◆ **Task details**: Would you transcribe exactly the lines from the beginning of the records below through the line with "Des secouristes évacuent", both included, omitting the pictures?
---------------
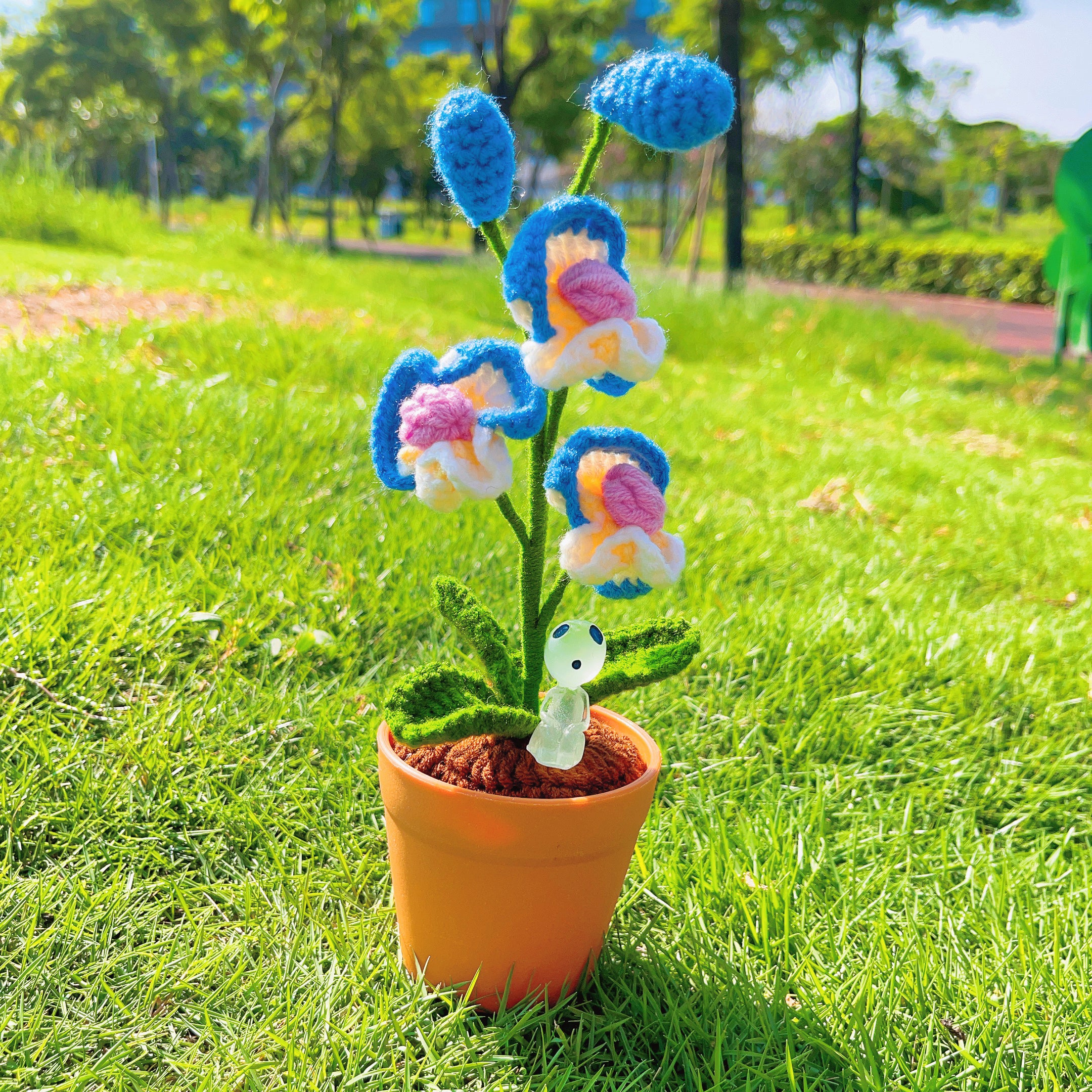 Handmade Crochet Butterfly Orchid Plant - Realistic Faux Flower - Unique Home Decor - Plant Lovers - Handcrafted - Phalaenopsi - Single Stem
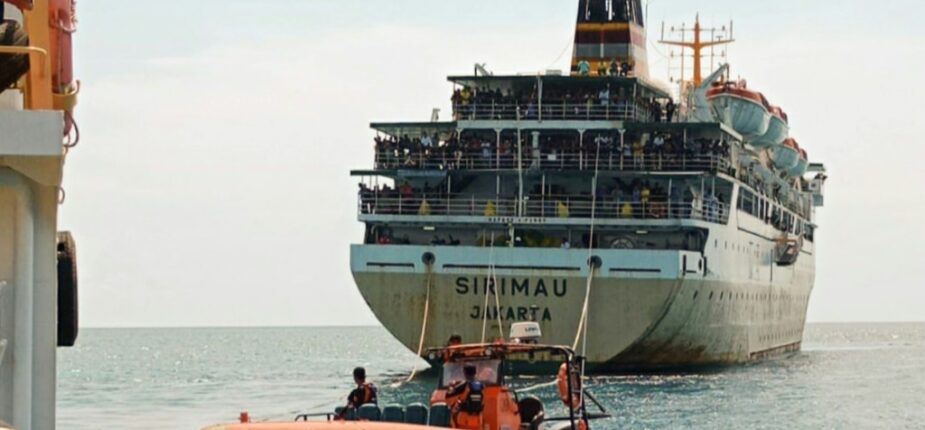 Des secouristes évacuent les passagers du ferry KM Sirimau échoué sur des hauts fonds, le 19 mai 2022 près des côtes de Lembata, en Indonésie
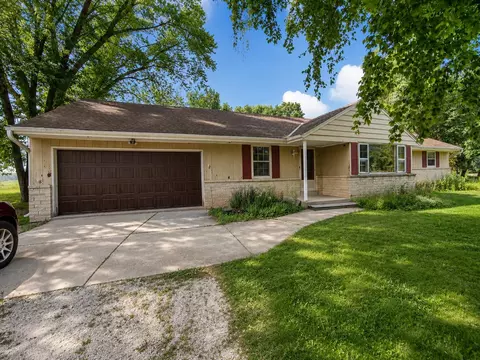 5102 W Arrowwood, Mequon, WI 53092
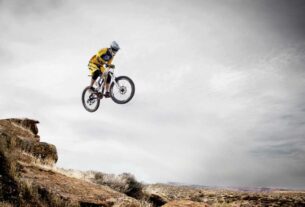 Minisiteri y’Ubucuruzi n’Inganda, akaba yarakoreraga mu Ntara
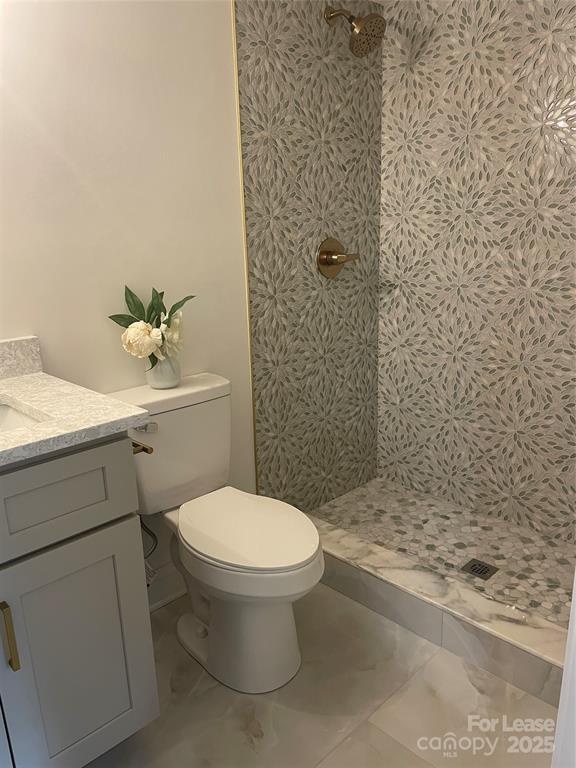 Building Photo - 5840 Charing Pl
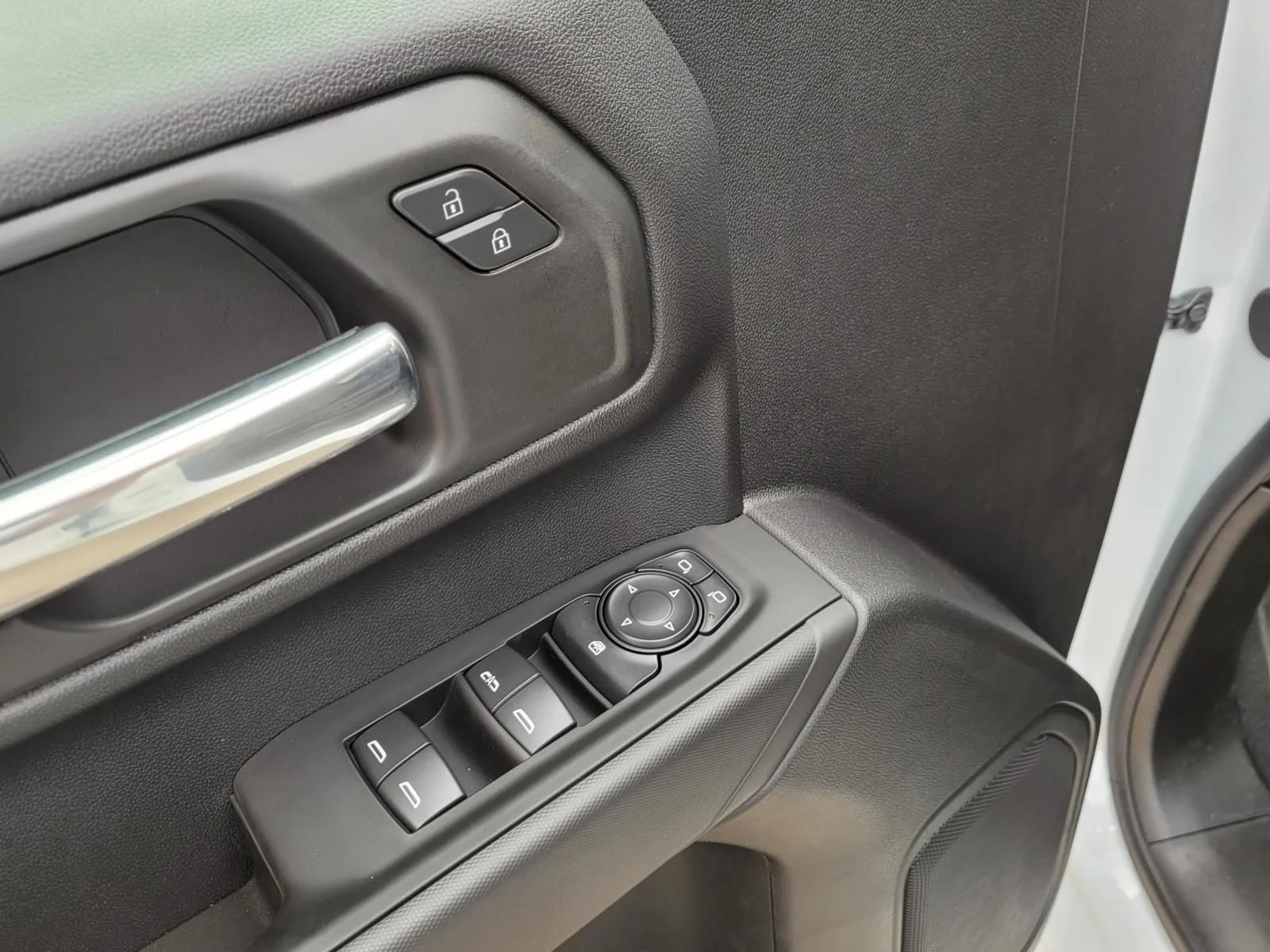 2026 Chevrolet Silverado 1500 Custom Trail Boss - Photo 13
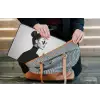 Vrouw - Champagne - Modern laptophoes neopreen klein -tas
---------------
◆ **Finished exercise**:
 Handmade Crochet Butterfly Orchid Plant - Realistic Faux Flower - Unique Home Decor - Plant Lovers - Handcrafted - Phalaenopsi - Single Stem
 Des secouristes évacuent les passagers du ferry KM Sirimau échoué sur des hauts fonds, le 19 mai 2022 près des côtes de Lembata, en Indonésie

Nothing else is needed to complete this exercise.